ゲイリー・ホフマン

フィリップ・ビアンコーニ:象牙の内で燃える情熱

 

ビアンコーニの姓と、彼の内に隠された情熱は、イタリアに由来する。この情熱こそが、舞台上の彼を奮い立たせ、聴衆の心を揺さぶる。イタリアは、彼にとって馴染みのある言語がもつ色彩と、彼の幼少期を浸した地中海の熱気がもつ色彩とともに、彼に歌いかける。しかし、ビアンコーニが生まれ育ったのはニースであり、彼を形作ったのはフランスである。それゆえに、芸術家・人間としての彼の内では、冷静さと熱烈さ、慎みと炎が溶け合っている——それらをまとう優雅さと明るさは、彼の佇(たたず)まいと眼差しから滲み出ていると同時に、彼がピアノの前に座るとき、聞き手によって享受されることになる。

若かりし頃のビアンコーニは、めざましい上達をみせ、ニース音楽院を卒業後すぐに、ピエール・コシュローのすすめで数々の国際コンクールに挑んだ。ビアンコーニの音楽家としての歩みの岐路の一つは、マルグリット・ロンとロベール・カサドシュの高弟、シモーヌ・デルベール=フェヴリエ女史のクラスの門をくぐった日である。“歌いなさい!”“聞きなさい!”——今日もなおビアンコーニは、あの洗練された、内なる炎によって奮起した熱心な師から浴びた指示を思い起こすことができる。そして彼は、彼女の言葉を、今やパリのエコール・ノルマル音楽院で彼に師事する生徒たちに伝えている。ビアンコーニは、若かりし頃にギャビー・カサドシュとの出会いにも恵まれた。彼女のもとで、彼は音楽教育を受け始めてから育んできた端正な演奏スタイルと明快な音楽表現に更なる磨きをかけた。いっぽうロシア出身のヴィタリー・マルグリスのもとで、ビアンコーニは独自の濃密なサウンドを見出し、テクストの内奥を和声の深部まで汲み取り、つねに真意に仕える表現性を手にした。
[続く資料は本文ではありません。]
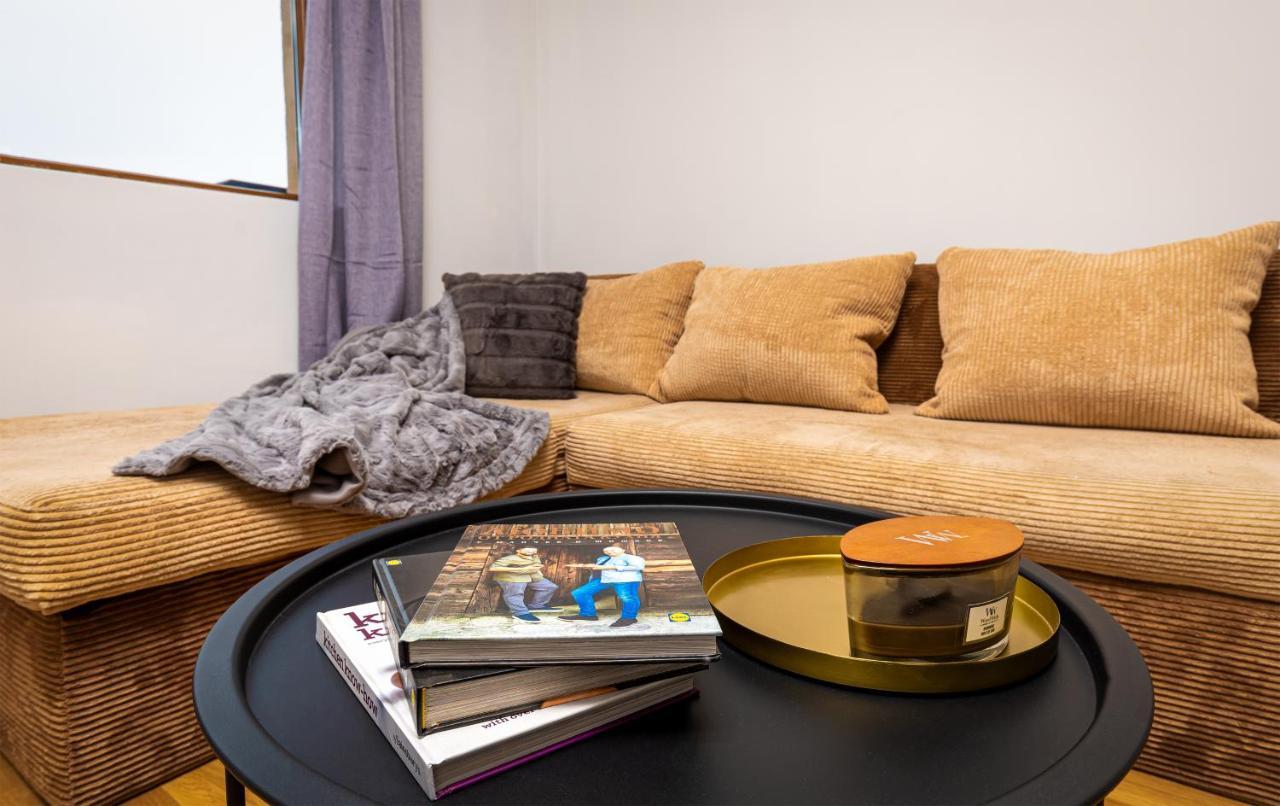 The Walnut 2Bd Apartment Plovdiv Eksteriør billede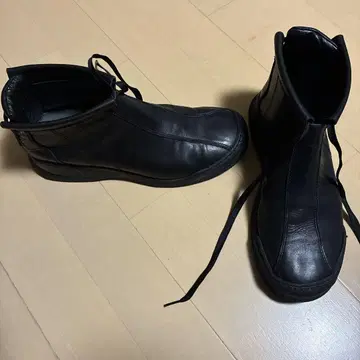 이탈리아제 가죽 신발 현지 백화점에서 48000엔에 구매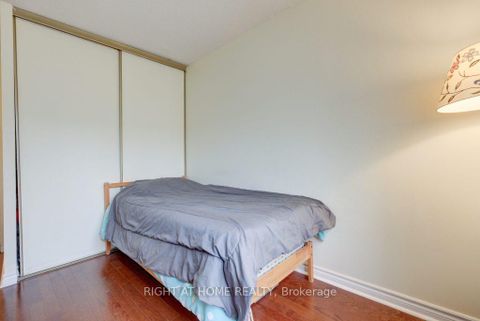 Photo 16 at 905 - 7 Bishop Avenue, Newtonbrook East, Toronto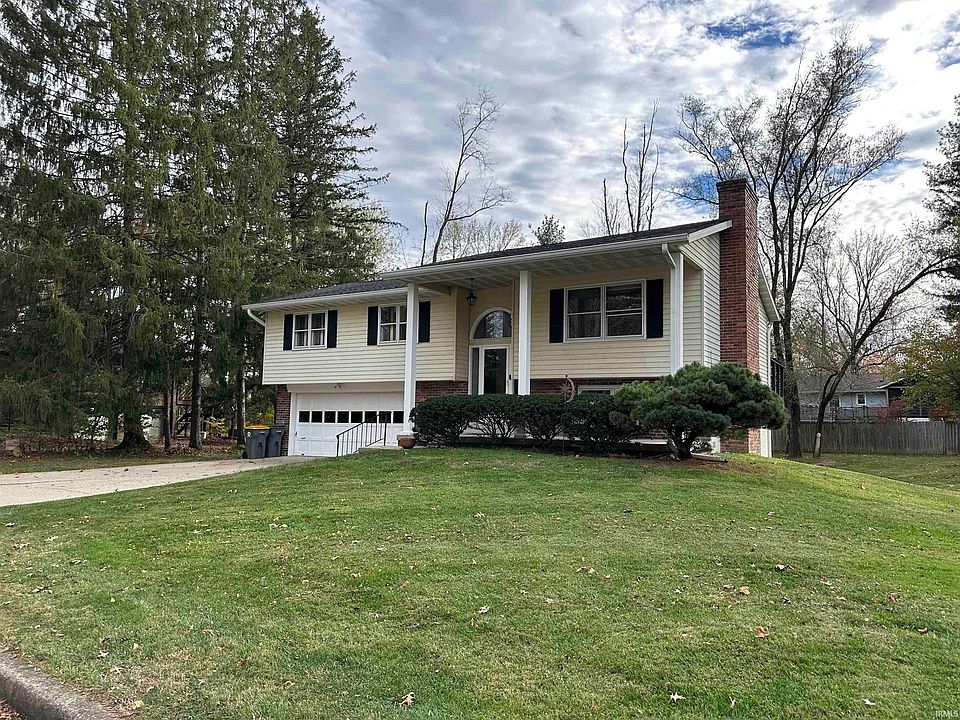 1st image of 2216 S Sussex Dr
そうしてビアンコーニは、一石で二鳥を墜(お)とすことになる! クリーヴランドのロベール・カサドシュ国際コンクールで第1位に輝き、ヴァン・クライバーン国際コンクールで第2位に入賞した彼は、ニューヨークのカーネギー・ホールでのリサイタルを成功させ、アメリカでの華々しい活動を始動させた……そしてまた、フランス、ヨーロッパ、世界各地でリサイタルを行い、世界屈指の音楽家たちと共演を重ねた。さらに彼が、ギャビー&ロベール・カサドシュ夫妻やナディア・ブーランジェの先例にならって、フォンテーヌブロー・アメリカ音楽院の院長を5年のあいだ務めたことは、当然の成り行きだった。

演奏会において、静寂がホールを満たしたときの空気の振動は、ビアンコーニを解放し、彼にインスピレーションを与えてくれる貴重な存在である。彼は時折、一夜でブラームスの協奏曲2曲を弾くといった桁外れな企画に挑む。そして彼は、海と山々に囲まれた南の楽園の一角に戻ると、自身の若い頃のこと、オペラを観に連れて行ってくれた両親のことを思い返す。彼が幼少期に抱いた声楽への愛情は、今後も彼のもとを離れることはないだろう。彼は思い出す——22歳のときに出会った名バリトン歌手ヘルマン・プライのこと、プライとの共演で録音したシューベルトの歌曲のこと、そしてまた、彼とともにウィグモア・ホールやスカラ座やミュンヘンやニューヨークなど世界の舞台に立った8年間のことを……。ビアンコーニが奏でるピアノは、歌い、呼吸し、肉体となり魂となる。そして彼が愛するフランスの大家ドビュッシーとラヴェルはもとより、ショパン、シューマン、ブラームスらが、この詩情あふれるピアニストに全てをゆだね、彼らの宝の秘密を打ち明けることになる。